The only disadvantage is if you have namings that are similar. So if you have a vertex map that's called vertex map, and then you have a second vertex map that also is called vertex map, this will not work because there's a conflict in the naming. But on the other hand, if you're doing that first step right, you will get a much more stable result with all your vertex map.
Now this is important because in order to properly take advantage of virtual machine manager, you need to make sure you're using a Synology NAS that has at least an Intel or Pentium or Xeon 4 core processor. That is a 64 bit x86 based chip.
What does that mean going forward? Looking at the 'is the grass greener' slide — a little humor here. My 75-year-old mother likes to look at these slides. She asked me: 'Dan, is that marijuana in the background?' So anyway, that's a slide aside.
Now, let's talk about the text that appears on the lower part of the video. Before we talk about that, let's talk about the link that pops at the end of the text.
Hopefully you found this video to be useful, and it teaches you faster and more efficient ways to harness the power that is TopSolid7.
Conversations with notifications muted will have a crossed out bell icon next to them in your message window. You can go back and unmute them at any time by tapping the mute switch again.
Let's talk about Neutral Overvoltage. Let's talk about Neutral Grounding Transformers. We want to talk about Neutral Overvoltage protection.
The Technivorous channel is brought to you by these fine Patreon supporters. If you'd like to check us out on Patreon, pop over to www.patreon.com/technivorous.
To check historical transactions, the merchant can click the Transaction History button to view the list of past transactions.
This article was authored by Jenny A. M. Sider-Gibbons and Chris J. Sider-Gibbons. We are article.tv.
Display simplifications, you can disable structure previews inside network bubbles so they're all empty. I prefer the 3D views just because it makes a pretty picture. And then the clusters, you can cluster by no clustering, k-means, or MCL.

+++

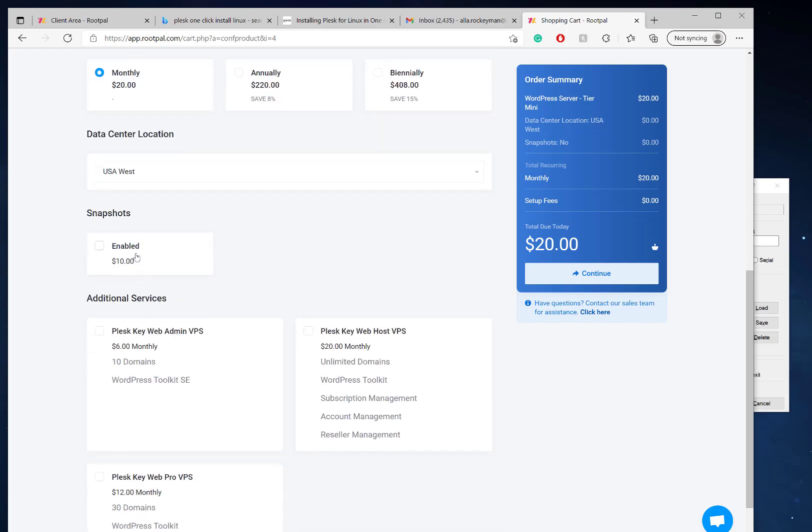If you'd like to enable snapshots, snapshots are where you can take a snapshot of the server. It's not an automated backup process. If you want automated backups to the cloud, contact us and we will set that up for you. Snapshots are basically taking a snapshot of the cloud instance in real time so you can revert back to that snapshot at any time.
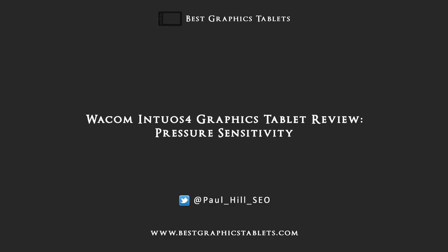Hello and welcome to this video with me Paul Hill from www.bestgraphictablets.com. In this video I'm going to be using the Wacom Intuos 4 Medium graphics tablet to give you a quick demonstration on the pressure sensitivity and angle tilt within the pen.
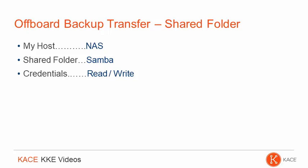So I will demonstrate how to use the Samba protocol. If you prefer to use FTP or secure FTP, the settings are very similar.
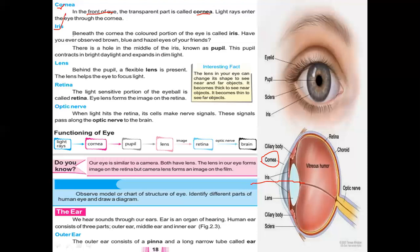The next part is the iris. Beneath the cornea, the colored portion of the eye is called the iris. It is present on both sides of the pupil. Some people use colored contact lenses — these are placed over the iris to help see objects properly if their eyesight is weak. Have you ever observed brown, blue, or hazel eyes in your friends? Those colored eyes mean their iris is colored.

+++

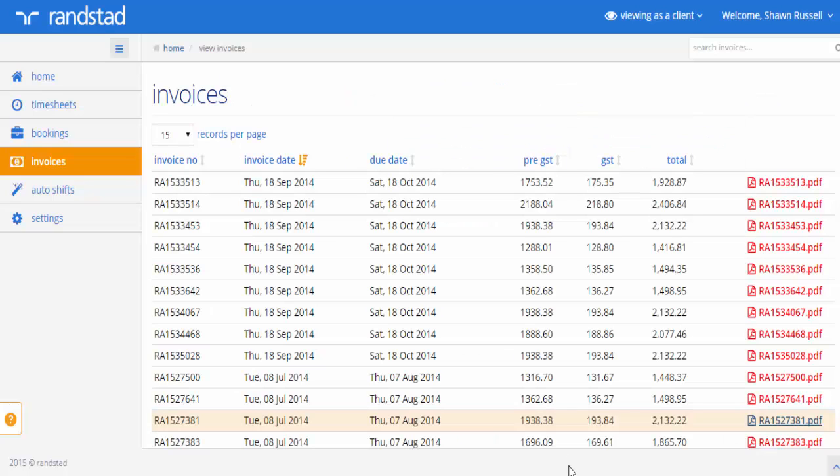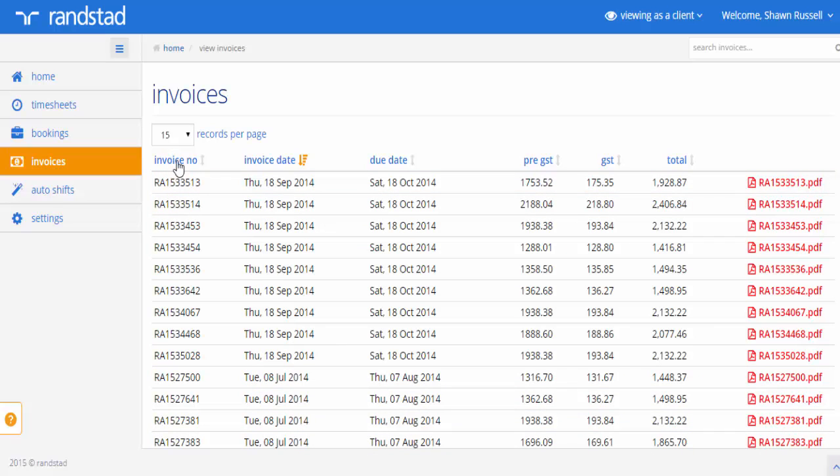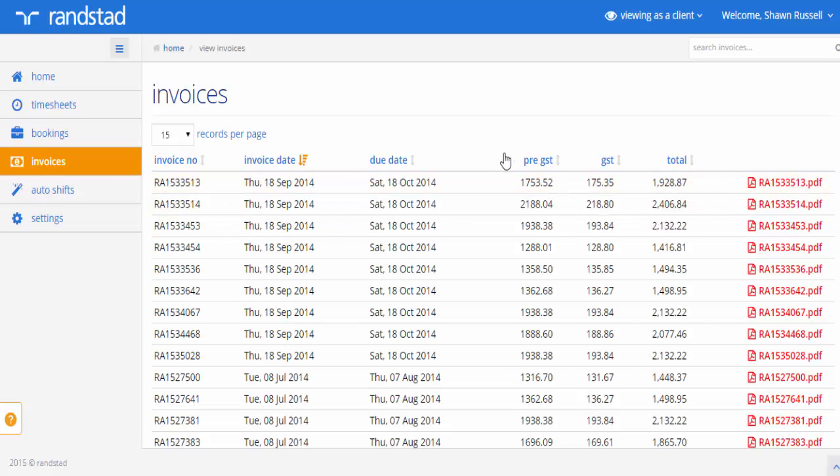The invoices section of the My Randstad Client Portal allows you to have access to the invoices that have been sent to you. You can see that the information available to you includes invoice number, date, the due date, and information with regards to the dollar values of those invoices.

+++

PROBLEM STATEMENT:
Within the listing above, give again exactly every line from the line with "The only disadvantage" through the line with "The Technivorous channel", both included, and no other line.

RESULT OF THIS EXERCISE:
The only disadvantage is if you have namings that are similar. So if you have a vertex map that's called vertex map, and then you have a second vertex map that also is called vertex map, this will not work because there's a conflict in the naming. But on the other hand, if you're doing that first step right, you will get a much more stable result with all your vertex map.
Now this is important because in order to properly take advantage of virtual machine manager, you need to make sure you're using a Synology NAS that has at least an Intel or Pentium or Xeon 4 core processor. That is a 64 bit x86 based chip.
What does that mean going forward? Looking at the 'is the grass greener' slide — a little humor here. My 75-year-old mother likes to look at these slides. She asked me: 'Dan, is that marijuana in the background?' So anyway, that's a slide aside.
Now, let's talk about the text that appears on the lower part of the video. Before we talk about that, let's talk about the link that pops at the end of the text.
Hopefully you found this video to be useful, and it teaches you faster and more efficient ways to harness the power that is TopSolid7.
Conversations with notifications muted will have a crossed out bell icon next to them in your message window. You can go back and unmute them at any time by tapping the mute switch again.
Let's talk about Neutral Overvoltage. Let's talk about Neutral Grounding Transformers. We want to talk about Neutral Overvoltage protection.
The Technivorous channel is brought to you by these fine Patreon supporters. If you'd like to check us out on Patreon, pop over to www.patreon.com/technivorous.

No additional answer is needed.